Sizlerle bir okur mektubunu paylaşmak istiyorum.
Genç bir kardeşimden geliyor. Tek harfine dokunmadan, tek satır atlamadan. Şöyle diyor:
'Abla. Şimdi 20 pkk lı öldürüldü haberini okudum. Oturdum ağladım. Abla sizin sözünüz geçer. Lütfen şu Kürt analarına yalvarın. Ölmesin şu garibanlar. "ÖLMEYİN BE KARDEŞİM" dedim içimden kaç kere. Abla söyleyin ölmesinler. Gelsinler geri, Ben milliyetçi sayılabilirim. Türküm. Ama çok içim acıdı. Bu işin işareti çok zamandır veriliyordu. Bu çocukların belki hepsi böyle ölecekler.

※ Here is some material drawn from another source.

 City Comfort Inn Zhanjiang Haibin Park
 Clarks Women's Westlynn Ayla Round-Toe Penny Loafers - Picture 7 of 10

Analarının, babalarının, kardeşlerinin yanlarına dönsünler. Bizim içimize dönsünler, Biz millet olarak onlarla aynıyız. Çok üzgünüm şimdi'
İstanbul'da yaşayan genç bir esnaf bu. Ticarethanesinin logosunu eklemiş mektubuna. Belli ki ona inanmamı istiyor. Acısını ciddiye almamı. Yoksa bir insan, gazeteye yolladığı mesajda neden kurumsal bilgilerini paylaşma gereği duysun. Genç kardeşimin samimi duyguları benim de içimi acıttı.
O acıya yabancı değilim. Üzüntüsünü tanıyorum. Aslında yeni değil. 'Dağın Ardına Bakmak' kitabını yaparken benzer o kadar çok mektup almıştım ki. Anlayan, hak veren, sitem eden, kabul eden, affeden yüzlerce mesaj. Hissettiği öfkeyi 'ama onlar da' sitemiyle dile getirenler de vardı aralarında. Hiç duymadığı, bilmediği bir hakikatin şaşkınlığıyla samimi bir yüzleşme içine girenler de. Dağdakilerin hikâyelerinin Türkiye kamuoyunda nasıl algılandığını gözlerken, şuna ikna olmuştum; bu ülke, bu acının hakkından gelir.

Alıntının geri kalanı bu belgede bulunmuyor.